Data:

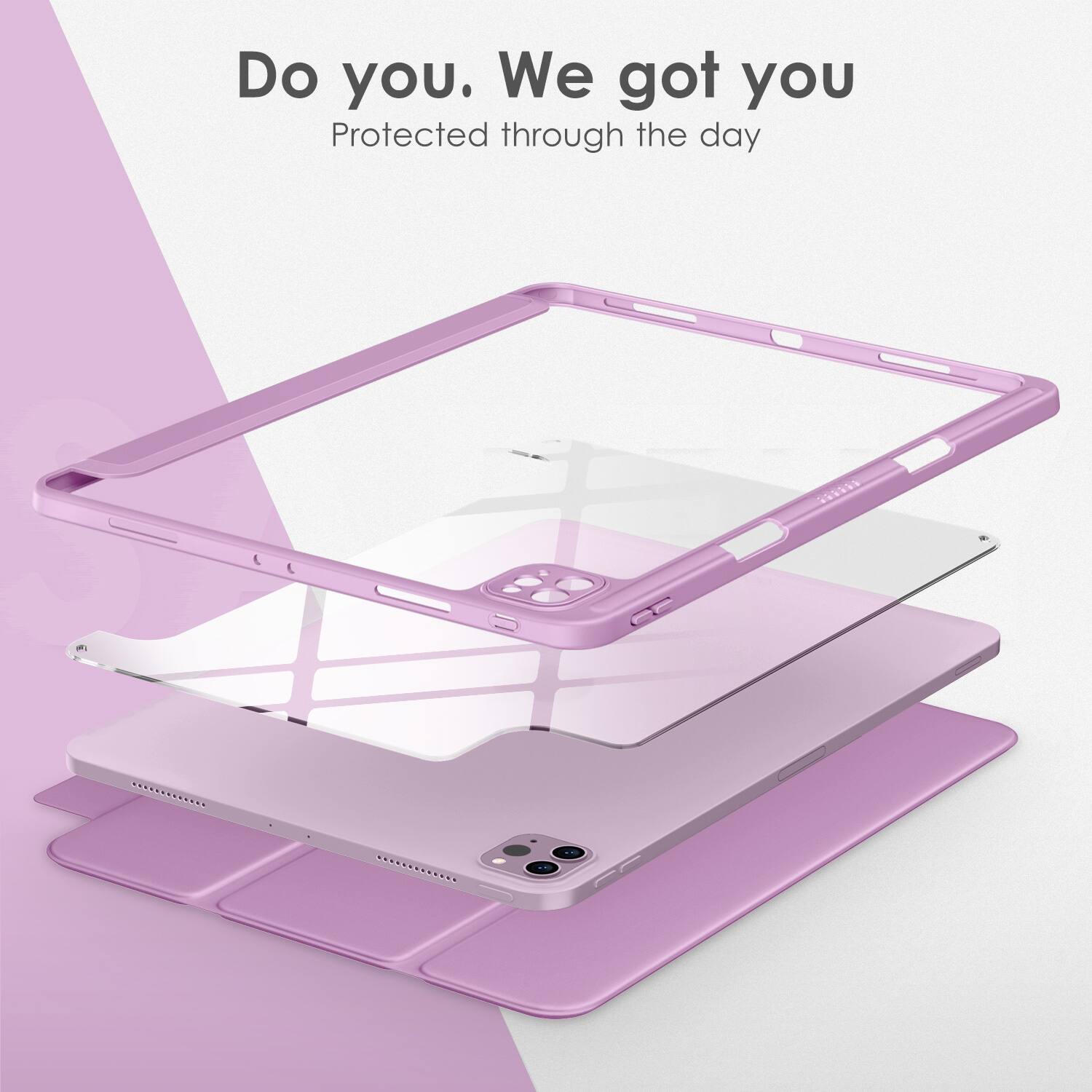 Do you. We got you  
Protected through the day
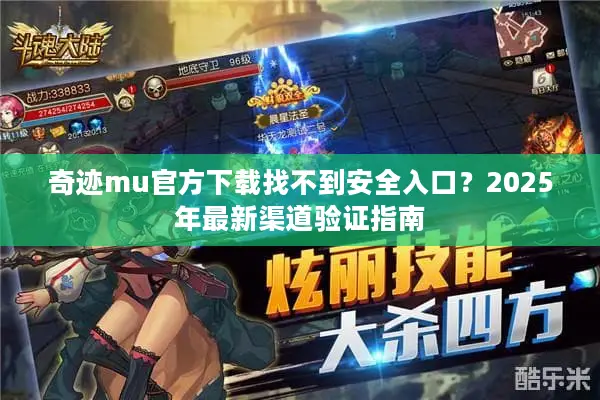 奇迹mu官方下载找不到安全入口？2025年最新渠道验证指南
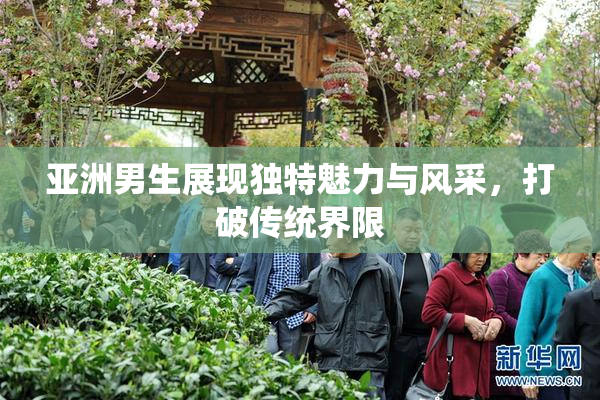 亚洲男生展现独特魅力与风采，打破传统界限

Task item: I'd like the material duplicated exactly, without its pictures.

Task solution:
 Do you. We got you  
Protected through the day
 奇迹mu官方下载找不到安全入口？2025年最新渠道验证指南
 亚洲男生展现独特魅力与风采，打破传统界限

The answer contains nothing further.